---- Records provided

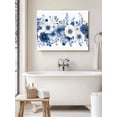 thumbnail image 6 of White Blue Floral Wall Art for Living Room,Canvas Picture Wall Decor for Bathroom Bedroom,Elegant Leaves Spring Flowers Painting Artwork for Office Kitchen Hallway Dining Room Home Decor 16"x20", 6 of 8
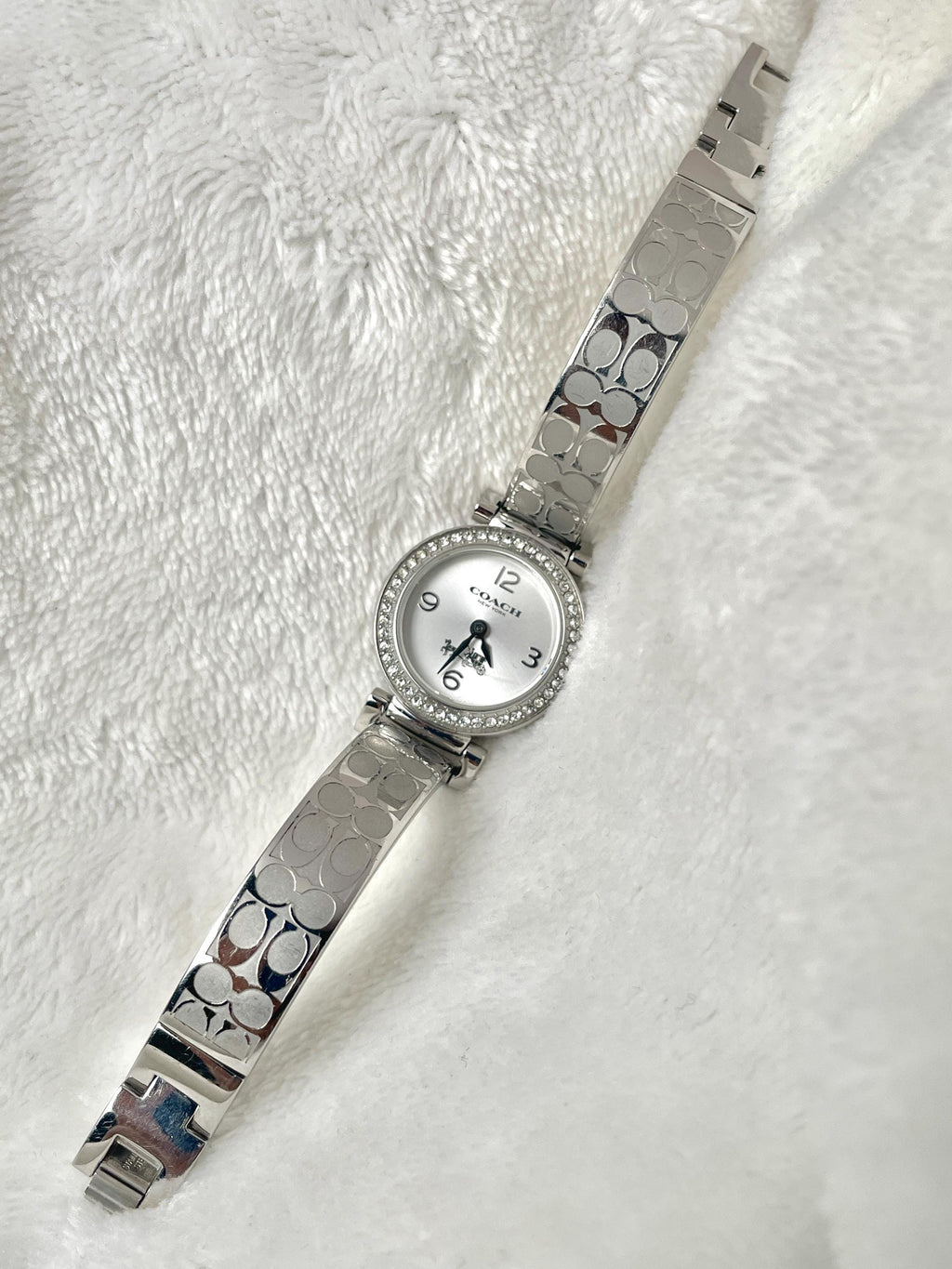 Coach Semi Bangle Diamond Bezel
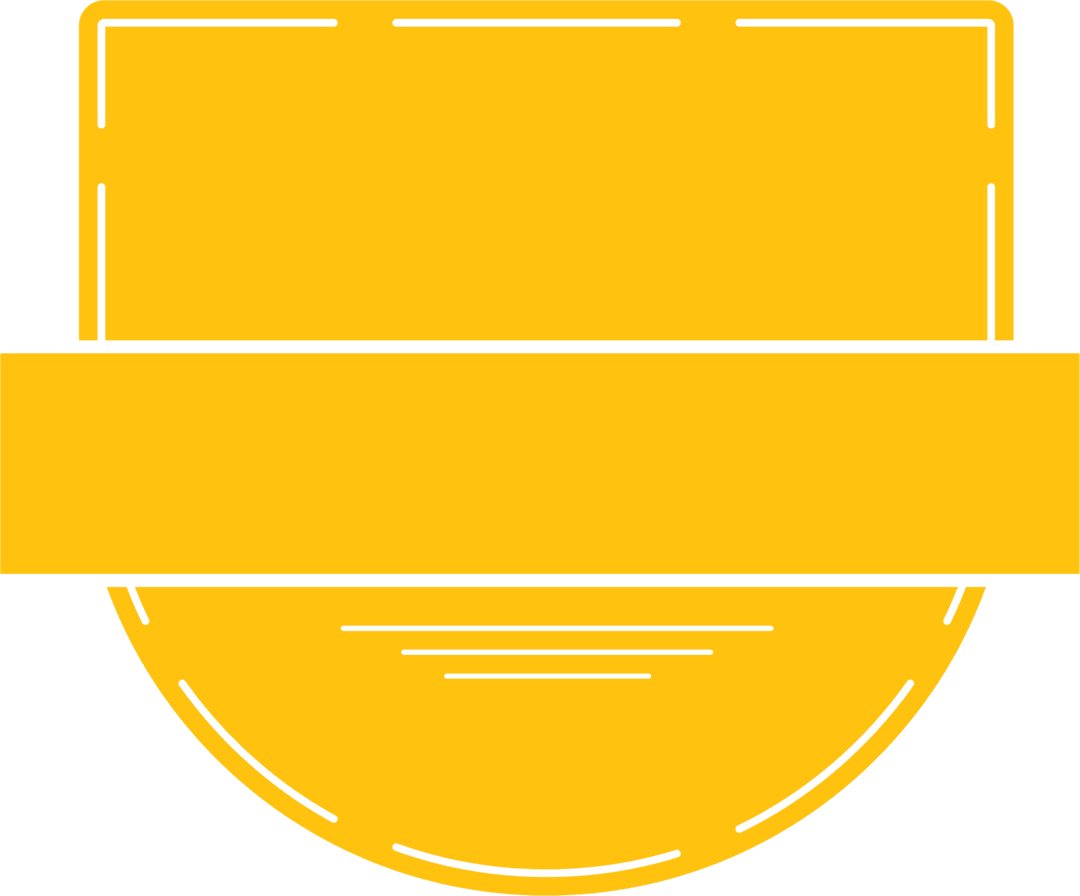 Transparent Abstract Yellow Shield Shape on White Background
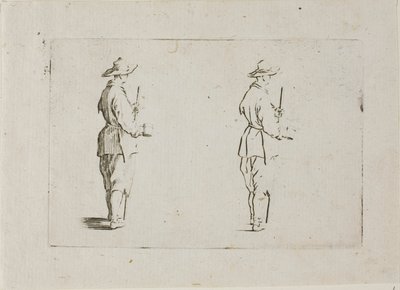 Serleget tartó paraszt, A szeszélyekből alkotó: Jacques Callot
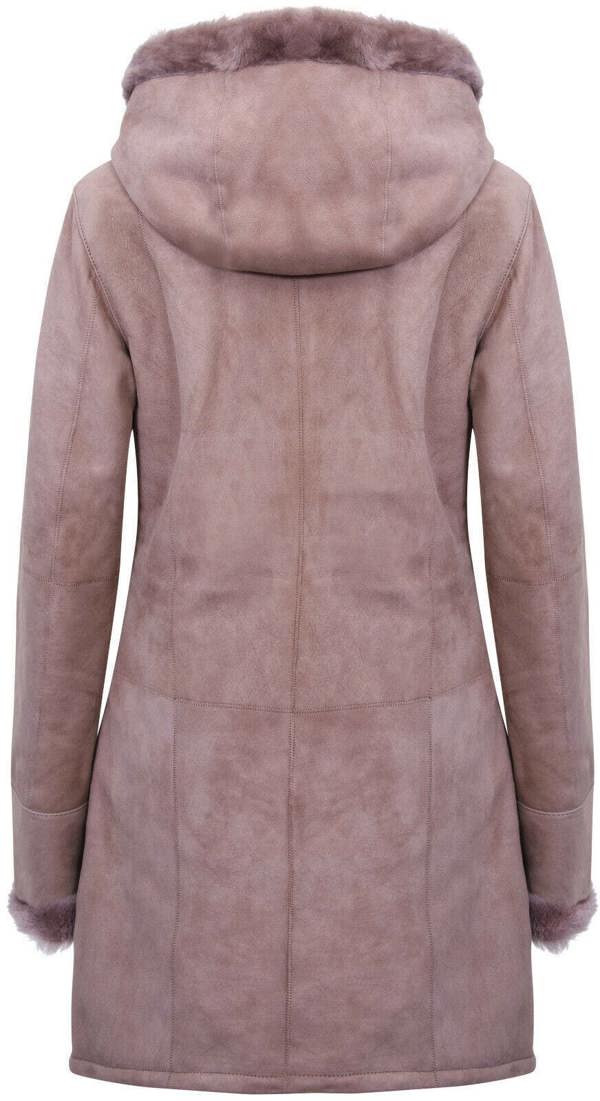 Infinity Leather Womens Suede Merino Sheepskin Parka Coat-Tripoli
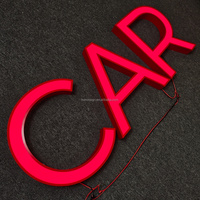 Enseignes publicitaires 3D personnalisées, enseignes lumineuses LED avec lettres en métal, décorations pour signalétique de marque commerciale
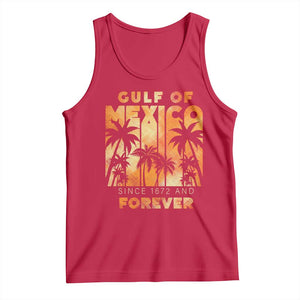 Gulf Of Mexico Tank Top Since 1672 And Forever TS09 Red Print Your Wear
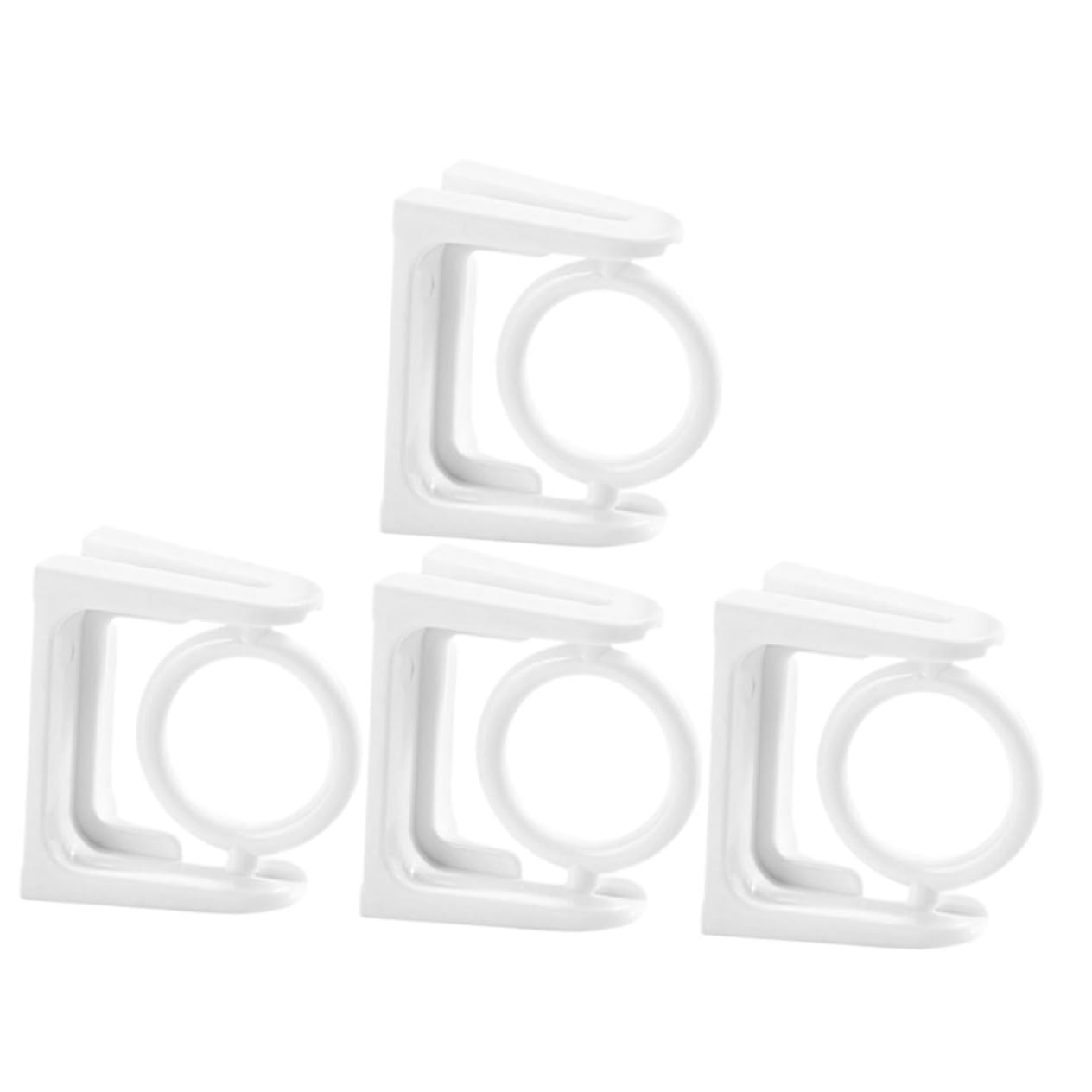 DECHOUS 3 Set di Ganci per Aste per Tende Facili da Installare Ganci per Aste per Tende Senza Chiodi per La Casa 4 Pezzi * 3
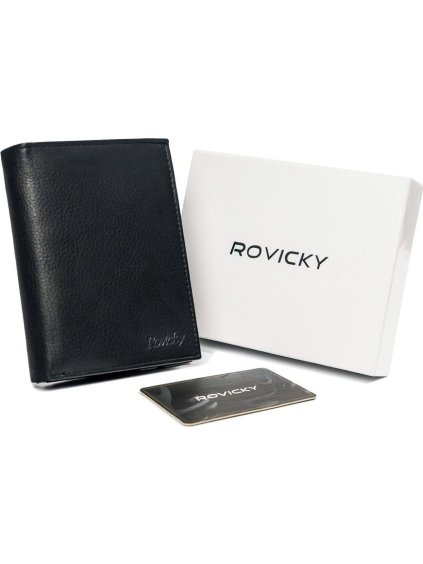 Černá pánská peněženka Rovicky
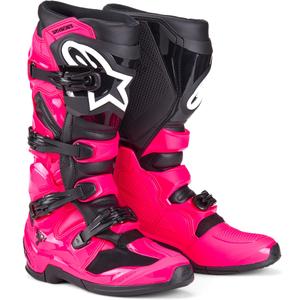 Alpinestars TECH 7 motokrosa zābaki rozā un melni
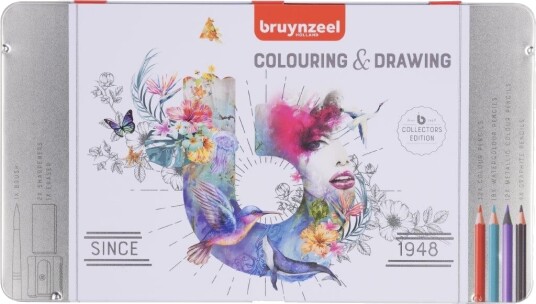 Bruynzeel Tegne- og Fargesett Bruynzeel m/70 Deler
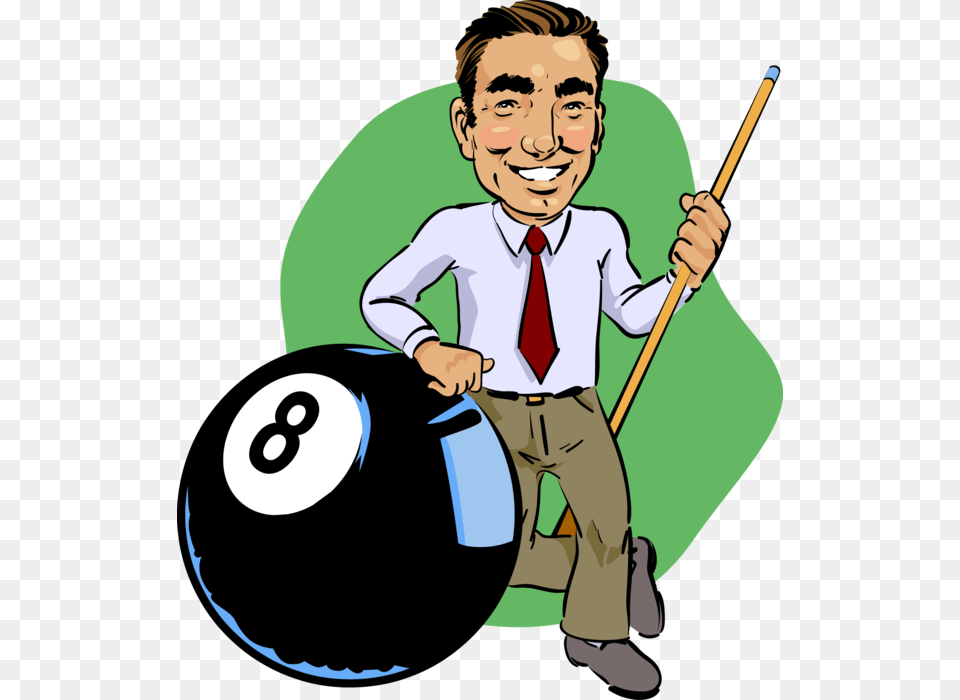 Vector Illustration Of Game Of Pocket Billiards Pool, Adult, Male, Man, Person Free Png Download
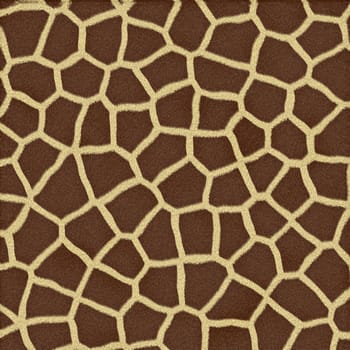 a very large rendered illustration of giraffe skin or fur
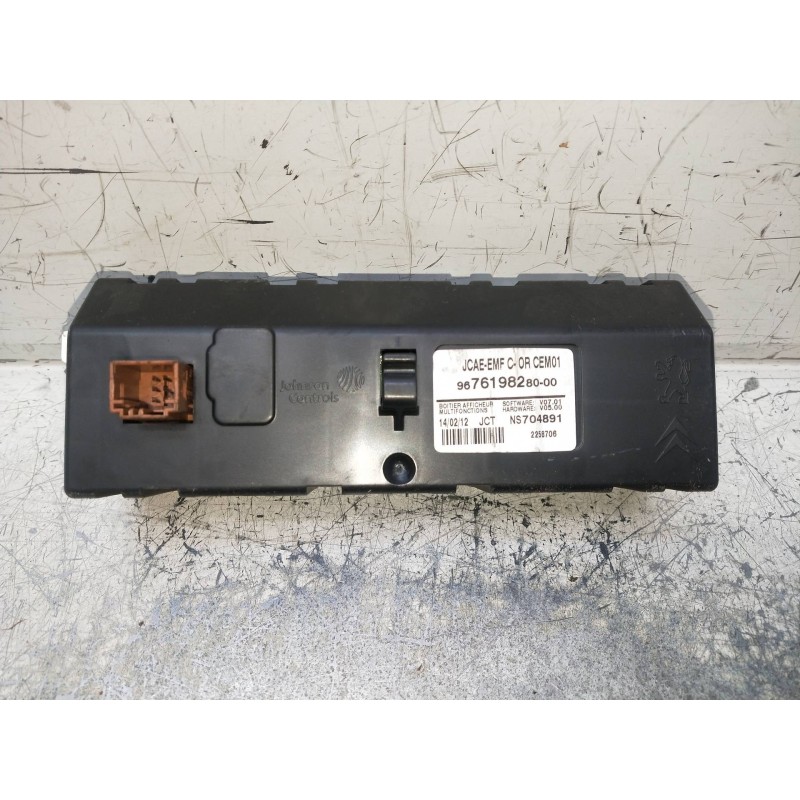 Recambio de pantalla multifuncion para citroen c4 lim. referencia OEM IAM 967619828000  
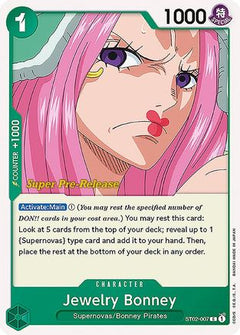 Jewelry Bonney (ST02-007) [Super Pre-Release Starter Deck 2: Worst Generation] - Deck Out Gaming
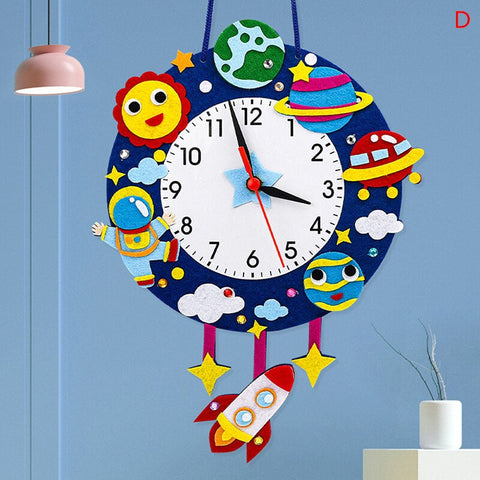 Astronaut and Planets Space-Themed Children's Wall Clock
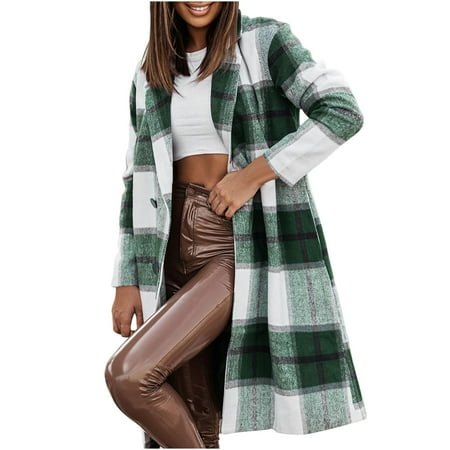 

Women Shacket Jacket Fall Clothes for Women 2022 Plaid Flannel Corduroy Long Shirt Oversize Cardigan Outfits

--------

### What is needed
From the listing above, repeat only the lines between the line containing "Recambio de pantalla" and the line containing "Astronaut and Planets", those two included. Pictures are not part of the copy.

### Response to the task
 Recambio de pantalla multifuncion para citroen c4 lim. referencia OEM IAM 967619828000  
 Jewelry Bonney (ST02-007) [Super Pre-Release Starter Deck 2: Worst Generation] - Deck Out Gaming
 Astronaut and Planets Space-Themed Children's Wall Clock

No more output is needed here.